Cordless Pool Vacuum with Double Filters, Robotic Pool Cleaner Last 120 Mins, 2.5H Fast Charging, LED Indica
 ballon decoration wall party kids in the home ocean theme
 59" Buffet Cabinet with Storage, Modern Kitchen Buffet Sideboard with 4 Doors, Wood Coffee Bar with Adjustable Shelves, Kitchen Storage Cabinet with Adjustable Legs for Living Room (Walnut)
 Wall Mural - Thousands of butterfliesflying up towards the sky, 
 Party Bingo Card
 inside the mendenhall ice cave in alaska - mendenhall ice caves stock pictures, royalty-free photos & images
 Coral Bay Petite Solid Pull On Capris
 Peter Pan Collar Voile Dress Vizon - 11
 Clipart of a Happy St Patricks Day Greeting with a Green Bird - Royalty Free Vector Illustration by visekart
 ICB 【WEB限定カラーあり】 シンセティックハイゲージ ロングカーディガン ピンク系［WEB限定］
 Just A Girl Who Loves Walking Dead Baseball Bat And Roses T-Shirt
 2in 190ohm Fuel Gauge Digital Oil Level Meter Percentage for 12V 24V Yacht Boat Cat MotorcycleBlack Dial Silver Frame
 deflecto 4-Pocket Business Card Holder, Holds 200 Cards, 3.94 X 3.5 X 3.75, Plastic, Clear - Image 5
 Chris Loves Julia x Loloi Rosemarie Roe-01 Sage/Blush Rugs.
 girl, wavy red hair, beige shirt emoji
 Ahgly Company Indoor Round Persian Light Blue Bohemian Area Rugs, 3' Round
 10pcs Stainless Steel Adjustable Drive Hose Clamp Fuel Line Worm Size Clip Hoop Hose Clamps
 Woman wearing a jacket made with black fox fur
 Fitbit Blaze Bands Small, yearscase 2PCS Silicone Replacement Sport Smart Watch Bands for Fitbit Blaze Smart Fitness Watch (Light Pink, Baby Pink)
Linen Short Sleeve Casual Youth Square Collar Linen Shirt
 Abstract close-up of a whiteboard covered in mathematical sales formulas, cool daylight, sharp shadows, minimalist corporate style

* _Description of the task_:
Output the records above exactly, from their first line through the line that contains "Clipart of a", and add nothing.

* _Exercise solution_:
Cordless Pool Vacuum with Double Filters, Robotic Pool Cleaner Last 120 Mins, 2.5H Fast Charging, LED Indica
 ballon decoration wall party kids in the home ocean theme
 59" Buffet Cabinet with Storage, Modern Kitchen Buffet Sideboard with 4 Doors, Wood Coffee Bar with Adjustable Shelves, Kitchen Storage Cabinet with Adjustable Legs for Living Room (Walnut)
 Wall Mural - Thousands of butterfliesflying up towards the sky, 
 Party Bingo Card
 inside the mendenhall ice cave in alaska - mendenhall ice caves stock pictures, royalty-free photos & images
 Coral Bay Petite Solid Pull On Capris
 Peter Pan Collar Voile Dress Vizon - 11
 Clipart of a Happy St Patricks Day Greeting with a Green Bird - Royalty Free Vector Illustration by visekart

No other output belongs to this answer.